Directions for this task:
Begin at the line below that has "PE Automotive 016.654-00A" and stop after the line that has "JDSP61-9086-Lacquered Aquamarine Colored". Please restate only those lines, word for word.

*** Dataset entries ***

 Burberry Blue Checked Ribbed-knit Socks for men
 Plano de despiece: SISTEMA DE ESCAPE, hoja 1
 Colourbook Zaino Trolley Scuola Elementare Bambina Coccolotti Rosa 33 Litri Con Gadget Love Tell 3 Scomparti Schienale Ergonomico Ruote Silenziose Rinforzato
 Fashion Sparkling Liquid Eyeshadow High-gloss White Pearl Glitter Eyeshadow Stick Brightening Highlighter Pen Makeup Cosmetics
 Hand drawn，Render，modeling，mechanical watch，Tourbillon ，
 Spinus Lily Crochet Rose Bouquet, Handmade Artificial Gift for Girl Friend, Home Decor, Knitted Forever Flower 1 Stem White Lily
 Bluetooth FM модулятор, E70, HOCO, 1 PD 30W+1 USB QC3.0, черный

***
*** Dataset entries ***

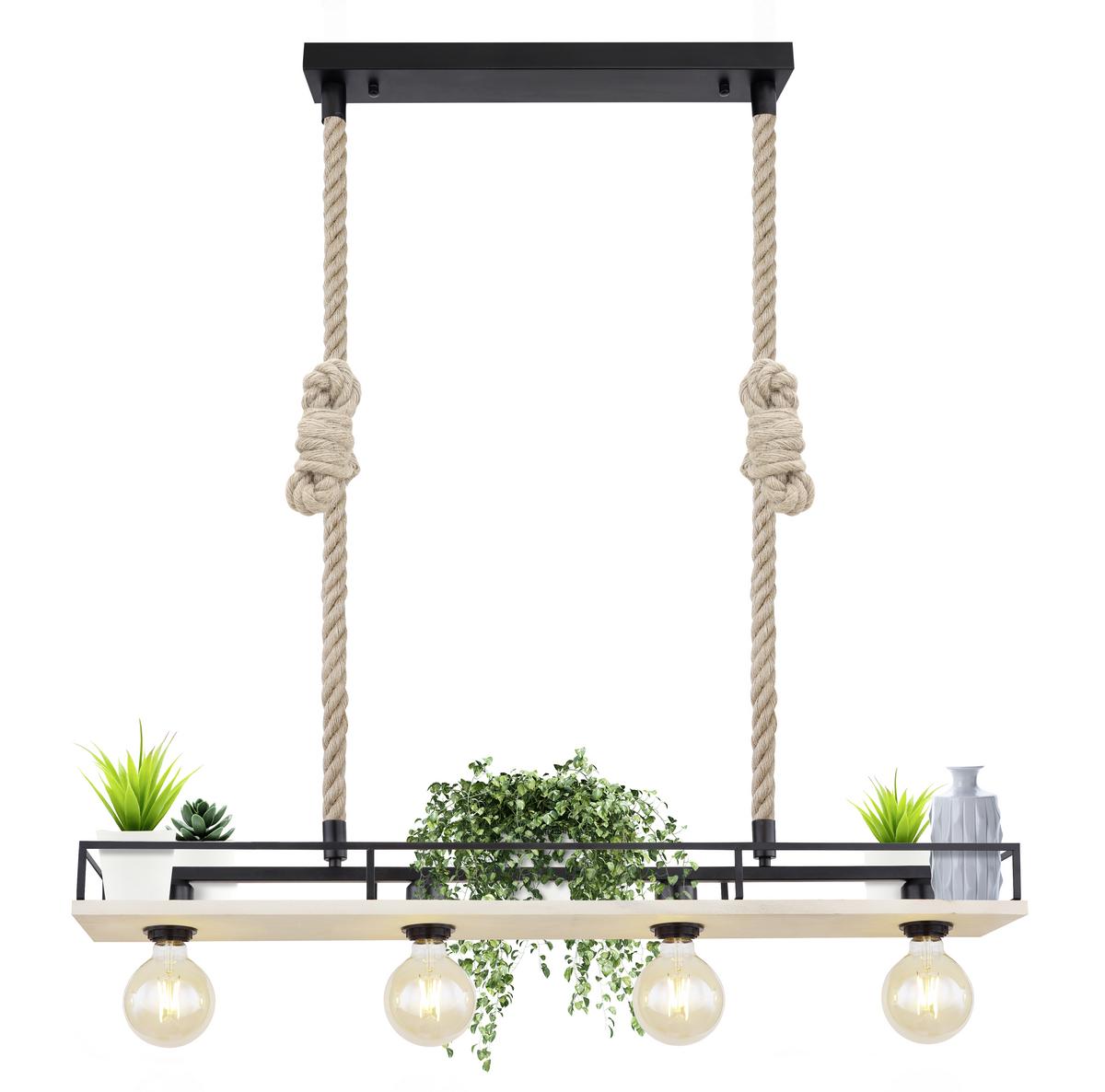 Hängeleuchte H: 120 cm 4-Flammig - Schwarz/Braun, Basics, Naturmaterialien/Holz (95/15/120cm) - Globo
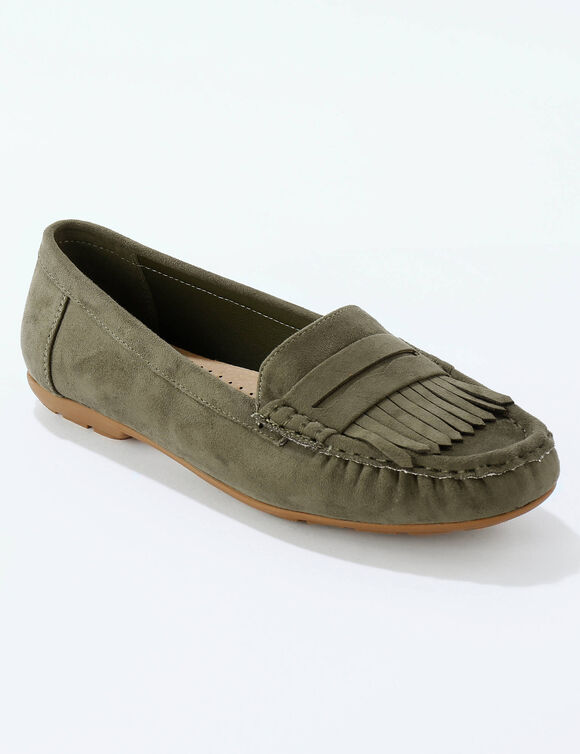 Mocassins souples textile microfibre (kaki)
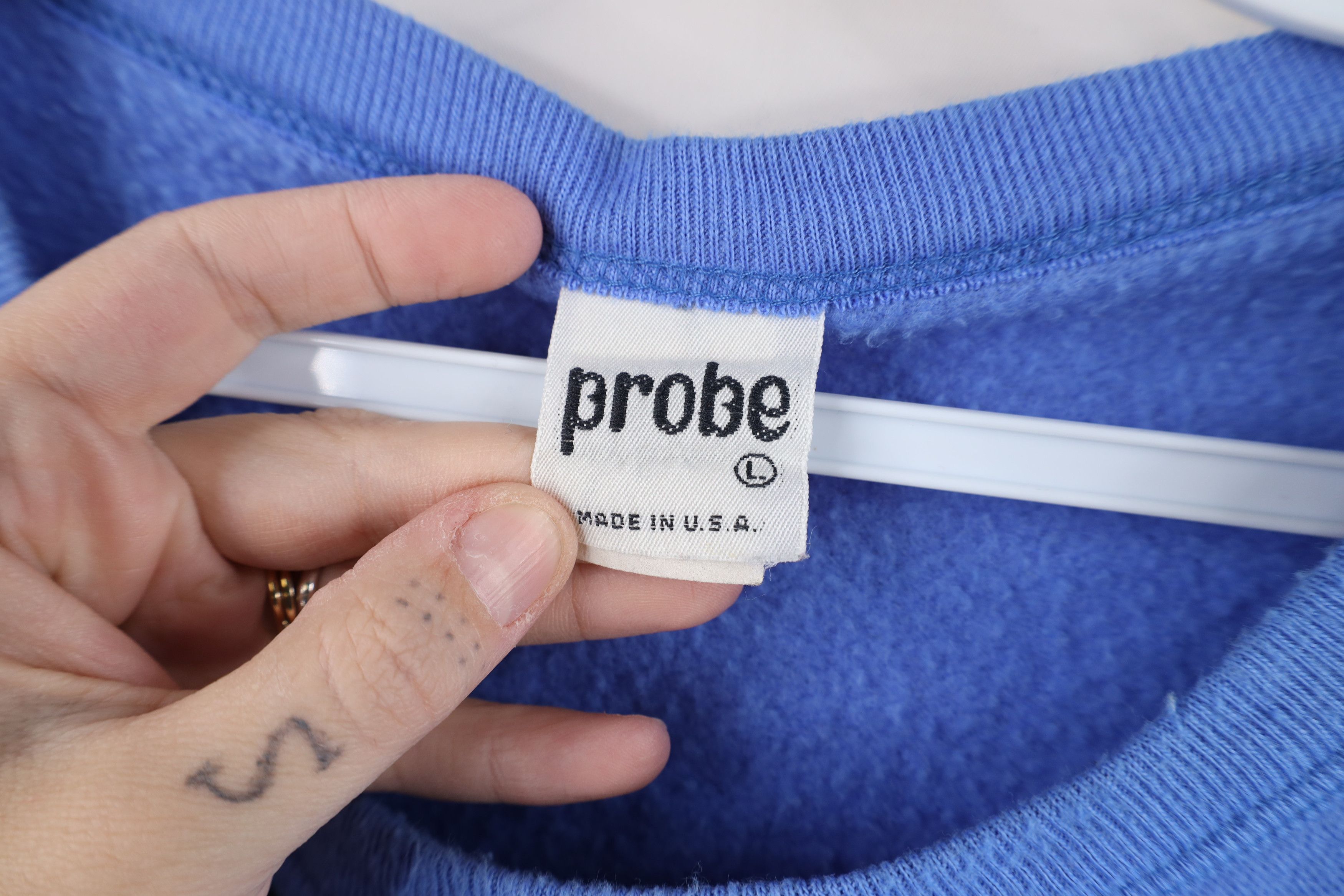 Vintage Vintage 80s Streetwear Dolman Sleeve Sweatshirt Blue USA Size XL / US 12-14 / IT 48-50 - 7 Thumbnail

***
*** Dataset entries ***

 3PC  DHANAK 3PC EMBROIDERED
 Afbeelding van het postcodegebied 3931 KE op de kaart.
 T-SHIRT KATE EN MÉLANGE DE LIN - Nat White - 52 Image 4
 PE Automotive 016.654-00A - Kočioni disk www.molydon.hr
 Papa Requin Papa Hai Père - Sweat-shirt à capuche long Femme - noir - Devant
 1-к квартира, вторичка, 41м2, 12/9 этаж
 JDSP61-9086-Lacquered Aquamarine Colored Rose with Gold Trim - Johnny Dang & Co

***

Result of this exercise:
 PE Automotive 016.654-00A - Kočioni disk www.molydon.hr
 Papa Requin Papa Hai Père - Sweat-shirt à capuche long Femme - noir - Devant
 1-к квартира, вторичка, 41м2, 12/9 этаж
 JDSP61-9086-Lacquered Aquamarine Colored Rose with Gold Trim - Johnny Dang & Co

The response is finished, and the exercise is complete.